THE ARCHISONIC
Performance
Mark Bain
Trinkpavillon Bad-Godesberg, Bonn, Germany
As part of VIDEONALE.20 – Festival for video and time-based arts
2025
Since the late 1990s, Mark Bain has been investigating the vibrations of buildings and their material properties, using sound waves that often lie below the threshold of perception. In his sound works, these waves function like an invisible object that the audience can physically feel. These projects grew out of Bain’s research on the relationship between the human body’s resonant frequency and architecture, conducted as part of his dissertation at MIT in Cambridge, Massachusetts.
Bain is fascinated by unique spaces and architectures, and by the ways different materials produce sound. Like a musical instrument, buildings come in different shapes, sizes, and materials, all of which shape how sound waves behave.

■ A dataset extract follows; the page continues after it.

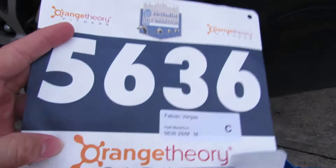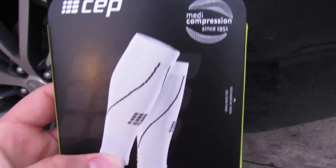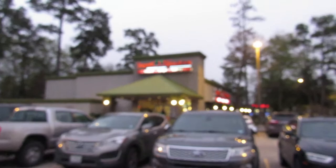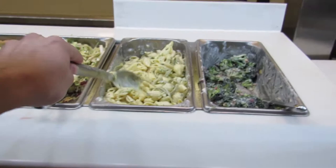I just got done at the expo and this is my bib number right here — 5636, the lucky number for 13.1 miles. I also got a hat, and I bought these calf sleeves for compression to keep my calves warm and tight because I always have calf problems. Now we're about to head to Sweet Tomatoes to focus and carbo-load — my favorite place.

Bain himself describes his sound performances as a “soundbath.” For the opening of VIDEONALE.20, my colleagues Annette Ziegert, Tasja Langenbach, and I invited the audience to experience a soundbath in the Bad Godesberg drinking pavilion, where the body is enveloped like a tangible sound sculpture. The site has a long history: a healing spring, the Kurfürstenquelle, was drilled here in 1962, and in 1969/70 a cubic pavilion was built, which has since served as a place for serving its healing waters.